▶ **Exercise brief**: Write out exactly the lines from the start of the entries through the one that contains "Load image into", including both.
┄┄┄┄┄┄
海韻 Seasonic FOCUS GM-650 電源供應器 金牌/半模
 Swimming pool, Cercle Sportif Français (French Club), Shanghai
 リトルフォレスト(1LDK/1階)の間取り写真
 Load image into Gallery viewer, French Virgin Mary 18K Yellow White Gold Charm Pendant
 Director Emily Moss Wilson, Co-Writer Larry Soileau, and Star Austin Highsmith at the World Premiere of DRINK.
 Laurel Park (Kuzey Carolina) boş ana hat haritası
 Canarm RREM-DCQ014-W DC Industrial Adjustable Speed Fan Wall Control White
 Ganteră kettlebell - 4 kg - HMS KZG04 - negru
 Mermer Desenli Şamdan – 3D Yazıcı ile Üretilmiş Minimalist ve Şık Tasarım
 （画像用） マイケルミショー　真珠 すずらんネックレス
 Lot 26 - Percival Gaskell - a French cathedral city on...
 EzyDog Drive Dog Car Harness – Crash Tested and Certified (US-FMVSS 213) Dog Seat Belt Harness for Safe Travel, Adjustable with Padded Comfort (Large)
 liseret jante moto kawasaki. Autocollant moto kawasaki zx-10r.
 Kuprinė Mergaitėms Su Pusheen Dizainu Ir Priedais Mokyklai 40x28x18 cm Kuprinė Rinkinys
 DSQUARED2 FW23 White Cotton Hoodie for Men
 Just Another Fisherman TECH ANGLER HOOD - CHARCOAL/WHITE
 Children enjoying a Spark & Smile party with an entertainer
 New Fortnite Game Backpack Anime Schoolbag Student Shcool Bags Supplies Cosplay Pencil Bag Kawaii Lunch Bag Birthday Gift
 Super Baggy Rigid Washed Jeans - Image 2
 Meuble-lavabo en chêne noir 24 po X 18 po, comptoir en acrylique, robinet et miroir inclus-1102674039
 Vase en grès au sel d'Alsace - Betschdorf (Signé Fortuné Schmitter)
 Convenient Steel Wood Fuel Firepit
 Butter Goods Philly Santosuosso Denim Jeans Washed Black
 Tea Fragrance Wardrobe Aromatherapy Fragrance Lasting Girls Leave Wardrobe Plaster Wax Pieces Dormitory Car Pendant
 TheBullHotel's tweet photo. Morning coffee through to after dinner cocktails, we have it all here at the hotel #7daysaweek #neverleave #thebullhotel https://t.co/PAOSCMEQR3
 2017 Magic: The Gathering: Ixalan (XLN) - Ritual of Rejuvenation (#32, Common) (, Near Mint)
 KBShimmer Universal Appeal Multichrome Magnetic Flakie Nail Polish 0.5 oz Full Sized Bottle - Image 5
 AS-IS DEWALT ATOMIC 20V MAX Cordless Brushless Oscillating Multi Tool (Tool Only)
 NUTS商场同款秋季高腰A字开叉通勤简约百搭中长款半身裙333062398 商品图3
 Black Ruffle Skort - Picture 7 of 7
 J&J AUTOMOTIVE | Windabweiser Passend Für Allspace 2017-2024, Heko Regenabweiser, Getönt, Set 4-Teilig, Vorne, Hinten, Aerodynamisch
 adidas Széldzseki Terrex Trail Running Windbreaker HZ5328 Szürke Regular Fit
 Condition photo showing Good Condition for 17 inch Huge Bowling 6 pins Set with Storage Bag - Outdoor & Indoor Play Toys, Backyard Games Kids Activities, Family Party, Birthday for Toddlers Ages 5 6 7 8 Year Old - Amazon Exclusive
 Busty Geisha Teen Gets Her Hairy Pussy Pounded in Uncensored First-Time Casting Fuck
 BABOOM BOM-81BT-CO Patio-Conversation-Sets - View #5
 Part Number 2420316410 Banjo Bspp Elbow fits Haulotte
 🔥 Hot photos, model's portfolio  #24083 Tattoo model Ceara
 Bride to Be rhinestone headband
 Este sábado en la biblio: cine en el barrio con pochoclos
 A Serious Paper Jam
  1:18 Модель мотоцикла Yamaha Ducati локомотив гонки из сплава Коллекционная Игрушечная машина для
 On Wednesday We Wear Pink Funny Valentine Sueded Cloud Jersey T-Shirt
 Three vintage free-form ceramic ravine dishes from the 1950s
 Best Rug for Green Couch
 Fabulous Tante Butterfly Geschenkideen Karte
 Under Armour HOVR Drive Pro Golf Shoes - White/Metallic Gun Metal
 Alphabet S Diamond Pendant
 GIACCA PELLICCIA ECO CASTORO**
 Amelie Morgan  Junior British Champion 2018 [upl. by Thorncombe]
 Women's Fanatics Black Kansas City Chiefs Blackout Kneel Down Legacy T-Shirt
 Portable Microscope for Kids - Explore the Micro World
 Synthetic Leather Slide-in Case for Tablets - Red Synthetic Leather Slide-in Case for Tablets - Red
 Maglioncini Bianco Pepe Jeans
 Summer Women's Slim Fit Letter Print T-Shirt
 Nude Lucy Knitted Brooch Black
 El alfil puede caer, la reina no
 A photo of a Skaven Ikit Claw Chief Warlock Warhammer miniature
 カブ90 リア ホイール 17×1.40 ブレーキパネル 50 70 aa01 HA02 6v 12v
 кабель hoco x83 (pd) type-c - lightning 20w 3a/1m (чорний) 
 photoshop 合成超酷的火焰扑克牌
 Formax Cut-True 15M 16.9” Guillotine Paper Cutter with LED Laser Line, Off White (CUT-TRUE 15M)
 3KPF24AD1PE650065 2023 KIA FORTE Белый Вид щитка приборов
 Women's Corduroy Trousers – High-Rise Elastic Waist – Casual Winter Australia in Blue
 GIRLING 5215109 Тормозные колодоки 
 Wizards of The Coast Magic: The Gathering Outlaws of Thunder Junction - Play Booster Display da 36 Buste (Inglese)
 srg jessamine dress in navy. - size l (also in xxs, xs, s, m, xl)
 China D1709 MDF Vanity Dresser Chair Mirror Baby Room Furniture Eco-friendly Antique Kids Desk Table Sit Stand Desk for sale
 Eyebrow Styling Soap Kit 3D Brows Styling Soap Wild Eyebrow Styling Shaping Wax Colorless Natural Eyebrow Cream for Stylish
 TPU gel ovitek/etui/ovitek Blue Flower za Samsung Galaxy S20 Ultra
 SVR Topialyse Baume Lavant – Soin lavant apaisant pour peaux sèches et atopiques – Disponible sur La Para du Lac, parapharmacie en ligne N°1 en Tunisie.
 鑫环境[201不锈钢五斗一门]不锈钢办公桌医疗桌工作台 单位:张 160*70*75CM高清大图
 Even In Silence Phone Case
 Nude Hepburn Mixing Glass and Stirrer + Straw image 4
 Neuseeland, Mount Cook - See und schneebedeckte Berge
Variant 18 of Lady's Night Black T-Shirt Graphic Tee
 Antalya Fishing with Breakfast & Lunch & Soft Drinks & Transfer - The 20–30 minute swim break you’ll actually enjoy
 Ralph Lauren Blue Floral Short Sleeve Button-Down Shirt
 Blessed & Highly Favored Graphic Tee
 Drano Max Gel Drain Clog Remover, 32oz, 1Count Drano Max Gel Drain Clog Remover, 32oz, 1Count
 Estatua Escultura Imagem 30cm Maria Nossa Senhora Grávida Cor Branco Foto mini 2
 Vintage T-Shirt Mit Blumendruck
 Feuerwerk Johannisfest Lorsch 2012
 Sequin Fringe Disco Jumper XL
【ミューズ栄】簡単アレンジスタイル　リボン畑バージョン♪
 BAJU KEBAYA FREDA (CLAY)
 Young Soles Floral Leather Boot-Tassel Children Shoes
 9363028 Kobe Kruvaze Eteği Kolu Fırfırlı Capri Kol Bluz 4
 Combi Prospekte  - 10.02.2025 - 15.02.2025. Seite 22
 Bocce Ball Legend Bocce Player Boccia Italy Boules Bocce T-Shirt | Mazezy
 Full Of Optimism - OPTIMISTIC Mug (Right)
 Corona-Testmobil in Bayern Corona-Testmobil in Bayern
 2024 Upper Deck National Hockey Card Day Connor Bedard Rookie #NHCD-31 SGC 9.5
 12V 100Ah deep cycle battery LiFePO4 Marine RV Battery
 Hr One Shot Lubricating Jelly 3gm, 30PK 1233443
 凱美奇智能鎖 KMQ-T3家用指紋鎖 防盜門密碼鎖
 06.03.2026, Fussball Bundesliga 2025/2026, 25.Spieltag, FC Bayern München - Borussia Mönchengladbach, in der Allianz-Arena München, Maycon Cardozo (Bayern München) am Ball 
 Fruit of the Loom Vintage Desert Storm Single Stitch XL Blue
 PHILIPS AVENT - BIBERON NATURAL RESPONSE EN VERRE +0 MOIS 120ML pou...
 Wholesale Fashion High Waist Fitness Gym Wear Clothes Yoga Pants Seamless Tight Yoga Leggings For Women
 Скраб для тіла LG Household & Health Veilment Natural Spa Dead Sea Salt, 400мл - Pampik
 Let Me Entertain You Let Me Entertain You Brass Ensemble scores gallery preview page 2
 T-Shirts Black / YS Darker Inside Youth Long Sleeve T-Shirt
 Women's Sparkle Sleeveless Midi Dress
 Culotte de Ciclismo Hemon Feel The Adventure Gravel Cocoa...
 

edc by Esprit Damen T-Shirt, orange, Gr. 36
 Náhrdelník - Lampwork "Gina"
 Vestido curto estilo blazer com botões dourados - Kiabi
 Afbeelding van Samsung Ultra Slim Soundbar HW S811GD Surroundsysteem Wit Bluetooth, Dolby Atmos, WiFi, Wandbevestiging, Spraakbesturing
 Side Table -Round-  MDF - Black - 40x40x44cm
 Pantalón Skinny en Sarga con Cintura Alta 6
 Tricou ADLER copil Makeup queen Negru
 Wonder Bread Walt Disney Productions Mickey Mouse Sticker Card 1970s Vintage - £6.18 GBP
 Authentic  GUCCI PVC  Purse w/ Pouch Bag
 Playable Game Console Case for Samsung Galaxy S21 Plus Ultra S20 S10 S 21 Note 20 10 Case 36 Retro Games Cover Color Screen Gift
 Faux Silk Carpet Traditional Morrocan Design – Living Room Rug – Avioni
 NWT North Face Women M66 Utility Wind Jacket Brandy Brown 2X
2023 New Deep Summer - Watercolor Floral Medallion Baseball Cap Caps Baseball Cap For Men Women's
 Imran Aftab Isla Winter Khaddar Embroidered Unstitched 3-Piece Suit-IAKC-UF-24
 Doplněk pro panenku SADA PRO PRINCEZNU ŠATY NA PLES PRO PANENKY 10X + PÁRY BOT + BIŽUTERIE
┄┄┄┄┄┄
▶ **Written solution**:
海韻 Seasonic FOCUS GM-650 電源供應器 金牌/半模
 Swimming pool, Cercle Sportif Français (French Club), Shanghai
 リトルフォレスト(1LDK/1階)の間取り写真
 Load image into Gallery viewer, French Virgin Mary 18K Yellow White Gold Charm Pendant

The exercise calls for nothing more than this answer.